Skinner had always dreamed of competing at the Olympics, and described the unexpected, 11th-hour opportunity as a “one in a million” chance that she was not going to waste.
She was not supposed to be there, competing on vault in the women’s event finals Sunday.
She had the fourth-highest score during qualifications. But the rules allow each country a maximum of two athletes in the finals. Biles and Jade Carey finished first and second, pushing Skinner from the competition.
She was devastated that her Olympics — and her gymnastics career — appeared to have ended at qualification. She was preparing to get on a plane to fly home.
Skinner, 24, posted a farewell online.
“This is closing the book on my gymnastics career,” she wrote. “For now I will just try to fill the hole in my heart.”
But then Biles struggled at team finals Tuesday and withdrew from that competition. Biles told her coach to text Skinner and tell her to stay, just in case she couldn’t continue competing and Skinner would have to step in.

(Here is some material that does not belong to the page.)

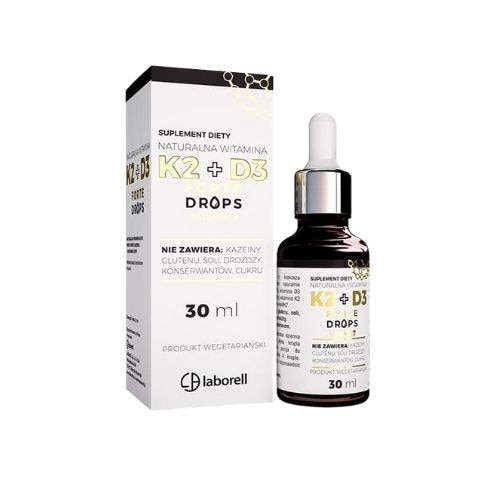 Supliment alimentar Laborell Vitamina D3 + K2 Forte Picaturi 30ml
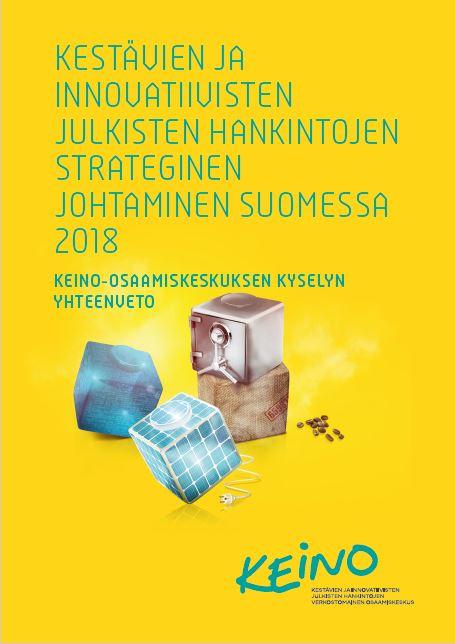 Julkisten hankintojen strategisen johtamisen tila Suomessa vuonna 2018 yhteendedon kansikuva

Biles was struggling with what gymnasts call the “twisties,” a sudden inability to control their body while flying through the air. Skinner said she’s had them once but was able to rebound quickly. She knows other gymnasts who’ve taken weeks to recover. Biles was deciding day by day if she felt up to competing in any competitions.
Skinner said it was a struggle to get her mind back in the game; after qualifying she’d resigned herself to going home and moving on. But she rallied, with the support of Biles and the rest of the team, she said.
Biles decided Saturday she would not compete the next day.
Skinner posted the news on Twitter: “Looks like I get to put a competition leo on just one more time. Doing this for us, Simone Biles. It’s go time baby.”
Biles told her: “I want you to make it onto the podium. I want you to medal.”
Skinner’s road to the Olympics was not a straight line, nor was it easy.
She was an alternate on the 2016 Olympic team that won gold in Rio de Janeiro — a frustration for her because at qualifying she racked up the fourth-highest score.
She retired from elite gymnastics after that and focused on her collegiate career at the University of Utah. Competing in college made her fall in love with the sport again, she said, and so in 2019 she chose to return, driven by an intense desire to make the Olympic team for Tokyo.
COVID-19 delayed her training. She caught the virus and was hospitalized in January. She missed about a month at the gym, and wasn’t sure she would ever make it back.
But she did, marking an unprecedented comeback at 24 years old, an age considered ancient in this sport dominated by teenagers.
“I think it’s so cool to show that age is just a number, and that anything is possible if you work hard and dream for it,” said Skinner, adding she hoped young gymnasts entering the sport are inspired by her endurance.
The only person to score higher on Sunday was Rebeca Andrade of Brazil, who took home gold. As Skinner stood on the podium she saved her biggest wave for when she turned to her teammates in the stands. Biles and the others danced and screamed.